Microcosmos features a new series of handmade fabric wall hangings that, engaging with the physical act of making, visually articulate a world that is driven by information and continuously in flux. The exhibition coincides with a major new site-specific installation, Green Lens, by the artist in Venice, and the European premiere of his 2021 work Flags and Debris, which will feature as part of Biennale Danza, 15th International Festival of Contemporary Dance, directed by Wayne McGregor.

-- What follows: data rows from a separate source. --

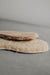 Pair of beige shoe sheepskin inserts on a gray background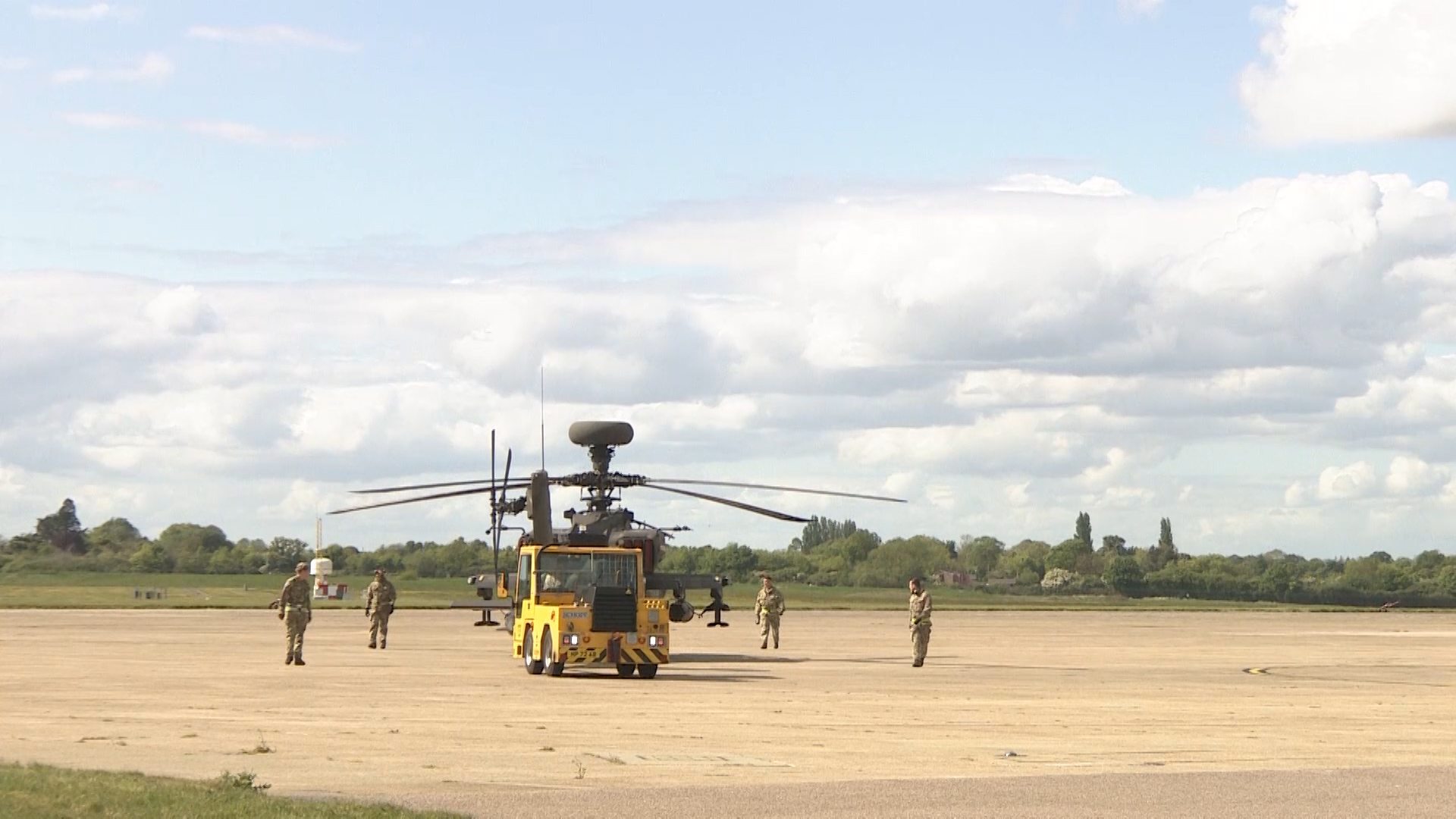 Crew at Wattisham Airfield moving an aircraft while enforcing social distancing during covid19 180520 CREDIT BFBS.jpg
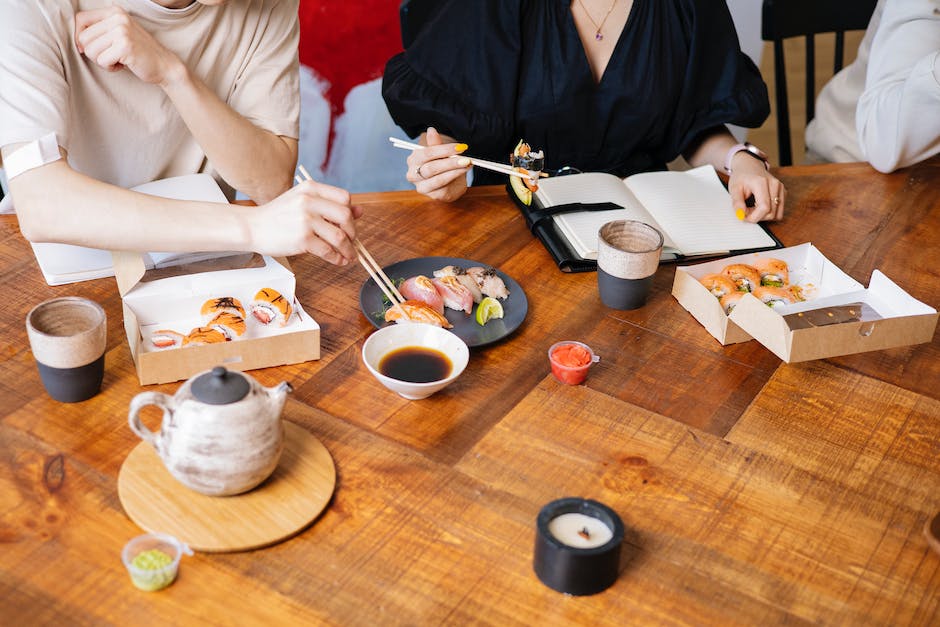 Ilustración de una persona comiendo sushi con palillos y sumergiéndolo ligeramente en salsa de soja. La imagen representa el respeto y el aprecio por la etiqueta del sushi.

Doug Aitken’s works, at their core, invite us to consider the nature of our present and signal possibilities for the future. His latest textiles are a continuation of a body of work generated over the past year and take as their starting point clothing and other everyday found materials that the artist was able to access within his home. Cutting fragments and reassembling them into abstract visual fields, Aitken has created elaborate wall hangings, patterns emerging and disappearing within their collaged layers. Foregrounded throughout these works are poetic tensions between the digital and the handmade, fast and slow media. Repeating elements within the works appear like handcrafted digital glitches, while the physical process of their creation suggests the slow-paced craft of quilting. Resembling flags and banners, mandalas and targets, they also bear connotations of protection, comfort or shelter – the very nature of cloth being at the same time intimate, personal and universal. These shifting symbolic qualities resonate with the dynamic abstractions of each composition: these are signs, devoid of text, that allow for open-ended investigations into our collective experience.
Accompanying the wall hangings is a sequence of floor-based works created using a similar method to Aitken’s fabric collages. These operate between the elevated artistic genre of soft-sculpture and as functional furnishings that invite visitors to pause, enabling physical activation of the works and an embodied experience of the show.
The final work on view, positioned at the entrance of the exhibition, is a single watercolour depicting a Muybridgelike motion-study image of a female figure rising up from a seated to a standing position. Echoing Aitken’s recent illuminated figurative sculptures that pulse with light, this work surges with a force suggestive of a personal and cultural awakening.
This summer of activity marks a significant return to the city of Venice for Doug Aitken, who was awarded the prestigious Golden Lion for his electric earth installation at the 48th Venice Biennale in 1999.
Green Lens, a site-specific installation
‘Green Lens is a living artwork. It is simultaneously an artwork, installation and stage. It’s like a lighthouse that one can journey to and have a very personal experience, while it also transmits light, ideas and questions. A focal point that allows all of us to share our ideas and visions for the future post Covid... a celebration and inquiry into the future.’ – Doug Aitken Located on the island of Isola della Certosa, Green Lens is a living experiential artwork and destination. From the exterior it creates a choreography of changing reflections of clouds, mist and wild green vegetation. As day turns to night Green Lens glows and becomes a kinetic light sculpture and sound composition. Green Lens will be activated with a sequence of performances and conversations that are thought-provoking and provocative, focusing on the future as interpreted by musicians, speakers and dancers. These activations will be filmed by Aitken and released for the public to have access to this living artwork and stage for voices and culture. Green Lens is an artwork by Doug Aitken, commissioned by Anthony Vaccarello in partnership with Saint Laurent.
Flags and Debris
In Aitken’s video Flags and Debris, pulses of electricity merge with the human heartbeat and move through a landscape that is expansive and anonymous. Set against the backdrop of an unrecognisably empty Los Angeles, filmed during periods of lockdown in 2020, unseen members of the Los Angeles Dance Project move, ghost-like underneath Aitken’s textile works. Receiving its European premiere as part of Biennale Danza, 15th International Festival of Contemporary Dance, directed by Wayne McGregor, Flags and Debris is featured during a weekend of dance film screenings and will be shown in a programme that also features works by Merce Cunningham and others, held at Teatro Piccolo Arsenale at 2pm on Sunday 25 July 2021.